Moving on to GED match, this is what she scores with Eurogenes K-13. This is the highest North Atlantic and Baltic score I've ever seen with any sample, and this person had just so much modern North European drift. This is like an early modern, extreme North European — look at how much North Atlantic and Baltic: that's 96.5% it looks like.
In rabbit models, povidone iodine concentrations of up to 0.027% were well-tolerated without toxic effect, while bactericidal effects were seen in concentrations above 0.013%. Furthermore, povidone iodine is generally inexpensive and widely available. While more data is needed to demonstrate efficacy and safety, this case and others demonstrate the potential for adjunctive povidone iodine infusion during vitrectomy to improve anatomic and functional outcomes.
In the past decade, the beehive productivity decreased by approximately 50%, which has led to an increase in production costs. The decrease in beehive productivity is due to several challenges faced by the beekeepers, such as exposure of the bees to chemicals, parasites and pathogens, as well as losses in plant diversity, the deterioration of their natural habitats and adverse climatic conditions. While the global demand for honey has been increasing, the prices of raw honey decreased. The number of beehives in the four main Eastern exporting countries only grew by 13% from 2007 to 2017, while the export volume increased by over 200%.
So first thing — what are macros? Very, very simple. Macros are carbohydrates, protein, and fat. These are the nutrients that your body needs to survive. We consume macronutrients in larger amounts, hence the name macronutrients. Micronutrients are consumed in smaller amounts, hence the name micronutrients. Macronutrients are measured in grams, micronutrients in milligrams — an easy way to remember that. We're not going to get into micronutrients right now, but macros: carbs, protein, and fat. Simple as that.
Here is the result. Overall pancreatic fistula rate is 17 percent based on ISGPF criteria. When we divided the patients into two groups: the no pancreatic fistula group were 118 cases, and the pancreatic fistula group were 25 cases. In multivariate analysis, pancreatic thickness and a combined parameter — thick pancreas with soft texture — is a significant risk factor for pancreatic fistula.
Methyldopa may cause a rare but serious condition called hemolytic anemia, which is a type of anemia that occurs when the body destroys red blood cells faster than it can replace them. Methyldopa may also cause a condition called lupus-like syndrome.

★ ★ ★ ★ ★ ★ ★

- [DIRECTIONS]
Lines containing the string "like" are the ones to copy from the entries above.

- [WRITTEN SOLUTION]
Moving on to GED match, this is what she scores with Eurogenes K-13. This is the highest North Atlantic and Baltic score I've ever seen with any sample, and this person had just so much modern North European drift. This is like an early modern, extreme North European — look at how much North Atlantic and Baltic: that's 96.5% it looks like.
Methyldopa may cause a rare but serious condition called hemolytic anemia, which is a type of anemia that occurs when the body destroys red blood cells faster than it can replace them. Methyldopa may also cause a condition called lupus-like syndrome.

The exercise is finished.